As instituições culturais, assim como muitas outras instituições de outras áreas da sociedade têm de se reconfigurar de alguma forma no futuro. Não sei exatamente o que o Angel Calvo queria dizer com isso, mas adivinho-o de alguma forma. Mais do que novas estéticas, precisamos de pensar como queremos as nossas instituições, como se apresentam, como se relacionam com os colaboradores mais próximos, com os artistas e com a sociedade em geral. Não sei se precisamos de novas instituições, mas precisamos de pensar a forma como trabalhamos. Esta afirmação do Angel Calvo faz-me lembrar uma outra que perguntava se poderemos ter instituições culturais que põem em prática políticas alternativas em vez de apresentarem programações acerca de políticas alternativas. Isto é uma pergunta que me fez pensar muito quando a li pela primeira vez. As instituições culturais têm tido um papel fundamental numa linha da frente de questionar as evoluções por quais a sociedade está a passar. Costuma-se dizer que a cultura e a política andam de mãos dadas.
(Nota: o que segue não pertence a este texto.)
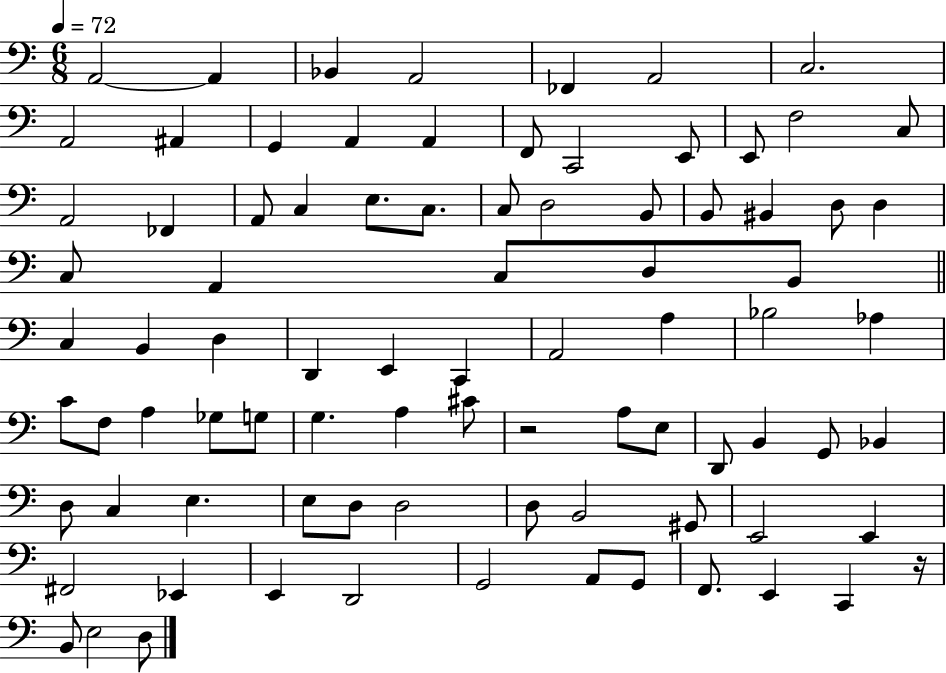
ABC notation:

X:1
T:Untitled
M:6/8
L:1/4
K:C
A,,2 A,, _B,, A,,2 _F,, A,,2 C,2 A,,2 ^A,, G,, A,, A,, F,,/2 C,,2 E,,/2 E,,/2 F,2 C,/2 A,,2 _F,, A,,/2 C, E,/2 C,/2 C,/2 D,2 B,,/2 B,,/2 ^B,, D,/2 D, C,/2 A,, C,/2 D,/2 B,,/2 C, B,, D, D,, E,, C,, A,,2 A, _B,2 _A, C/2 F,/2 A, _G,/2 G,/2 G, A, ^C/2 z2 A,/2 E,/2 D,,/2 B,, G,,/2 _B,, D,/2 C, E, E,/2 D,/2 D,2 D,/2 B,,2 ^G,,/2 E,,2 E,, ^F,,2 _E,, E,, D,,2 G,,2 A,,/2 G,,/2 F,,/2 E,, C,, z/4 B,,/2 E,2 D,/2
A cultura questiona e deve colocar o dedo na ferida sobre o momento que estamos a viver, até pelo momento que estamos a viver, desde a questão dos extremismos políticos, à forma como nos relacionamos com a diferença e com o que não compreendemos. A cultura também questiona bastante a tendência para uniformizar o pensamento. E se a cultura questiona, as instituições culturais também podem questionar. É um pouco “olha para o que eu digo e para o que eu faço”, em vez de ser “olha para o que eu digo, mas não olhes para o que eu faço”. Temos a obrigação, enquanto instituições culturais, de repensar a forma como nos posicionamos no contexto social, seja com os colaboradores, nas condições de trabalho, de igualdade de acesso por questões de género ou questões raciais. As instituições culturais têm a obrigação de se repensar em tempos de enormes mudanças. Estamos à beira de uma alteração de paradigma. Não sei se precisamos de novas instituições, mas precisamos de pensar nas que temos e avançar com alterações sem medos.